Felaketin ikinci günü İstanbul Büyük Şehir Belediye Başkanı Ekrem İmamoğlu Kahramanmaraş’taydı. Deprem alanını geziyor, depremzedelere “geçmiş olsun, başsağlığı, sabır ve rahmet dileklerini” bildiriyor, sarılıyor, kucaklıyordu. O sırada anda bulunan bir “vekil eskisi” kadın, “İngiliz uşağı” diye bağırarak eline ne geçirebildiyse Ekrem Başkana fırlatıyordu.

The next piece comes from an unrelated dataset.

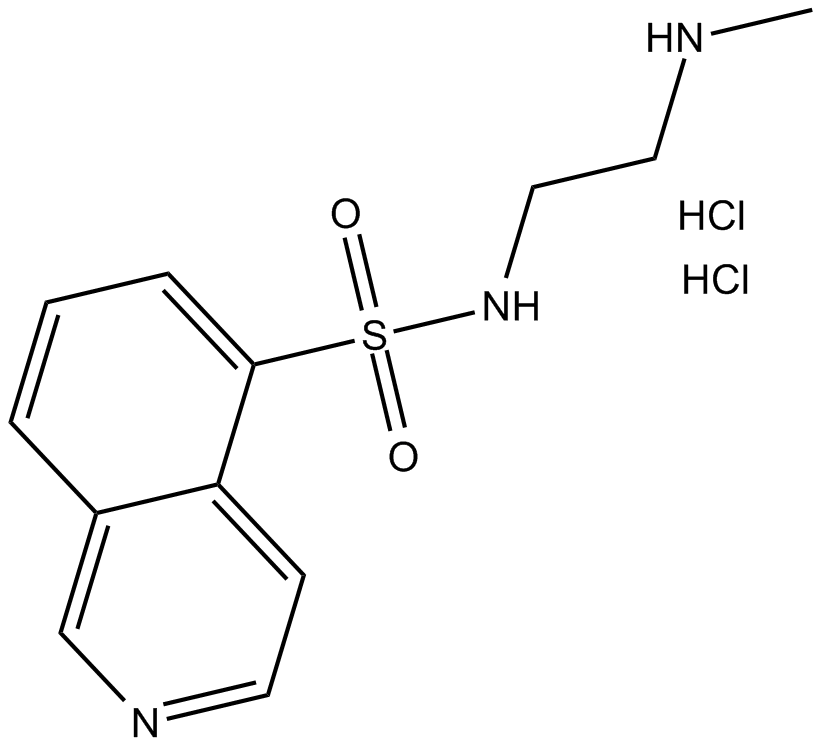 H-8 (hydrochloride)  Chemical Structure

Bu ne öfke, bu ne düşmanlık, bu ne kindi ki, beslediği duygularla, korkunç acının ortasında depremi unutarak saldırıyor, yanındaki arkadaşı zapt etmekte güçlük çekiyordu.
İngiliz düşmanlığı bu kadar şiddetli olan bir insanın, tarihi kişilikler arasında bulunan “İngilizcilere, Almancılara, Fıransızcılara, Rusçulara, Amerikancılara…” karşı nasıl bir tavrı vardı? İnsan gerçekten merak ediyordu. Ünsüz biri Ekrem Başkana böyle bir çıkış yapsaydı, kuşkusuz önemlidir, ama bir “vekil eskisinin” çıkışı kadar önem kazanıp haber olmazdı: Kendini değil de başkalarını sevmek konusunda tarih nelere tanıklık ediyordu?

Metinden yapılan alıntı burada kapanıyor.